As you try to help your child change their relationship with substances, it will be important for every adult involved to give clear directions and consistent consequences (positive and negative). Change, even change for the better, is difficult and your child will feel ambivalent about it. It will be hard for her to make different friends, or not be high at parties, or leave earlier than other kids. The more ambivalent she is, the more important it is for you to make your expectations clear. Different expectations (explicit or implied) between you and your partner amount to mixed messages for your child.
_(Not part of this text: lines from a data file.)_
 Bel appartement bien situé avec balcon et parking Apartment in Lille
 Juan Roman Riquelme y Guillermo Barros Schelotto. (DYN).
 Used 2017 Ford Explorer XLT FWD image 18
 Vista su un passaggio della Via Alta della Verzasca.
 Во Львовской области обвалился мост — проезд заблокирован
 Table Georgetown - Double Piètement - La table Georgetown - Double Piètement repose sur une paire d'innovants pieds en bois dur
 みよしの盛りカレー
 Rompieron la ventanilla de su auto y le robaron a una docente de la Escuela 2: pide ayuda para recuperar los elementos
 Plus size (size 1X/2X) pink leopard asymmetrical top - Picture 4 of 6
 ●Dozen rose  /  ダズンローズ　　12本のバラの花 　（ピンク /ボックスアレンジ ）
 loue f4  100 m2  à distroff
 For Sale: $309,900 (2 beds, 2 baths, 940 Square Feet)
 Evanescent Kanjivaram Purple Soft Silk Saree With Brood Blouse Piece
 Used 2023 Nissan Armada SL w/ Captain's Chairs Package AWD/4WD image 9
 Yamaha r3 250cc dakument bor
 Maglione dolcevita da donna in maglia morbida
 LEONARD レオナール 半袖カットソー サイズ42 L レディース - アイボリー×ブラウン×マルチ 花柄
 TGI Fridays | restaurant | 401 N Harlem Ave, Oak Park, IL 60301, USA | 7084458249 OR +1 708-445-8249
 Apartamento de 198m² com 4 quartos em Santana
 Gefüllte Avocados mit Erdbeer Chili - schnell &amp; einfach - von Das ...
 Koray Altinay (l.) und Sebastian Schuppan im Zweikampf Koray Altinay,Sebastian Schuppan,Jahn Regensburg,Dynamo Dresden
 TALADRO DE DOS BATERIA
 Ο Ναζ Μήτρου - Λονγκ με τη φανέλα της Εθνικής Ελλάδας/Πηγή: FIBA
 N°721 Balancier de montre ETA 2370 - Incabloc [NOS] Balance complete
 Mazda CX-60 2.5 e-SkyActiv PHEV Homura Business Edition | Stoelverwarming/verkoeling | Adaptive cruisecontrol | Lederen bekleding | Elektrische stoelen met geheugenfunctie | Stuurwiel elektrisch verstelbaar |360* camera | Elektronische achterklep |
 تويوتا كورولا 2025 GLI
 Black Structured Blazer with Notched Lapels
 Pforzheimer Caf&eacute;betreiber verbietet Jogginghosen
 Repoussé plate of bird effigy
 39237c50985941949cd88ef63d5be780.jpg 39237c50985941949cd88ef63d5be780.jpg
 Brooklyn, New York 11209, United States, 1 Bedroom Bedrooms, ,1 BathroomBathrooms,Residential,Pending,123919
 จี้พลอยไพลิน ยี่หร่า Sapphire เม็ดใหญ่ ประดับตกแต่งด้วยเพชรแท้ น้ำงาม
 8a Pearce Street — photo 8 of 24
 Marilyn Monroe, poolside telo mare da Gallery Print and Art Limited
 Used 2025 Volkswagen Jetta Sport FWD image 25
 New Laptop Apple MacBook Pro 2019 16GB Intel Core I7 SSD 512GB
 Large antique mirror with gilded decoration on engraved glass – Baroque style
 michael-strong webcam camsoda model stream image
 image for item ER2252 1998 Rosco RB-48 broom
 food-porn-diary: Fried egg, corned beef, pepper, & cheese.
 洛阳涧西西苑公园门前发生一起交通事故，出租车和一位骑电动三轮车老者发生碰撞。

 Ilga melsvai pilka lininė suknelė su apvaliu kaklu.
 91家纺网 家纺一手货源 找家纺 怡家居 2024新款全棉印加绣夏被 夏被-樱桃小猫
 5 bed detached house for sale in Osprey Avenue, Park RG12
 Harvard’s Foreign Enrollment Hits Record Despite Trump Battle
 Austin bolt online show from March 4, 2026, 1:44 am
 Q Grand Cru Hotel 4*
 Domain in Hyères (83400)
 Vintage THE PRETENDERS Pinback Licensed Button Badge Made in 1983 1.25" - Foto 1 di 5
Additionally, the more agreement you can reach with your partner, the less stressed you will each feel and the happier you will both be. And with less conflict and stress in general you can, in turn, be more positive with your child.

Alignment and collaboration with your partner doesn’t mean across-the-board, united-front agreement on “the party line,” especially with older children. Children over sixteen live in the adult world enough to know that uniform agreement is not realistic. Alignment can mean understanding what you agree on, what you don’t agree on, and what the “policy” is in any case (“Your father and I have a somewhat different feeling about this, but we’ve decided it’s important for you to be home by midnight”). You can acknowledge differences and still align your expectations.

 


* These issues can be more acute for parents who are separated, divorced, or otherwise living in different locations. More effort may be required on everyone’s part to overcome a history of differences, communicate effectively, and cooperate with the skills.